# Photos + a request for a sex ID



## freixas (Oct 1, 2016)

Hi,

This is Lucy's "portrait studio" photo:










I'd love an opinion of Lucy's sex. Obviously, we think Lucy is a girl. Since the colors on the studio portrait are a bit enhanced, here is a portion of the same image with few enhancements:










Thanks for the sex ID help!


----------



## StarlingWings (Mar 15, 2013)

She is definitely and without a doubt, a gorgeous little girl 💛


----------



## freixas (Oct 1, 2016)

StarlingWings said:


> She is definitely and without a doubt, a gorgeous little girl 💛


Thank you so much! As I was waiting for an answer (which didn't take long), I was reading about all the different parakeet mutations. Here is a photo that shows more of her coloring and without much color tweaking. She has such an unusual color—a pale, mint-green body fading to gray at the tail and a yellow head with faded blue-gray cheek patches. Does this coloring identify her as a specific mutation?


----------



## StarlingWings (Mar 15, 2013)

She's a sky blue single factor goldenface greywing budgie! Her bright yellow face blends in with the blue to make mint green. Both yellowface II and single factor goldenface have this effect. 

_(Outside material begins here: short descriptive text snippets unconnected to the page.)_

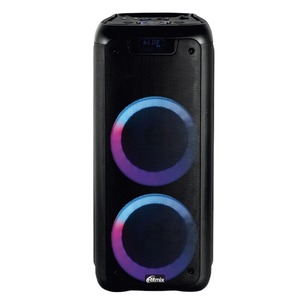 Портативная акустика Ritmix SP-890B black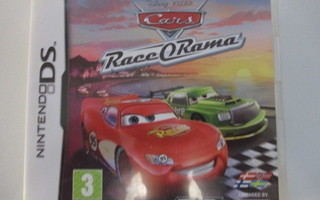 NDS CARS RACE-O-RAMA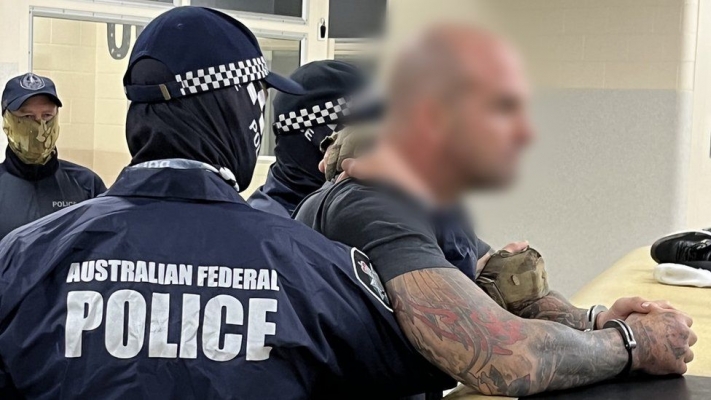 Australischer Motorradgang-Boss aus der Türkei ausgeliefert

She is truly a gorgeous girl!


----------



## freixas (Oct 1, 2016)

StarlingWings said:


> She's a sky blue single factor goldenface greywing budgie! Her bright yellow face blends in with the blue to make mint green. Both yellowface II and single factor goldenface have this effect.
> 
> She is truly a gorgeous girl!


Wow! Thank you! Yes., she's a stunner.


----------



## FaeryBee (May 9, 2011)

*Lucy is absolutely gorgeous!*


----------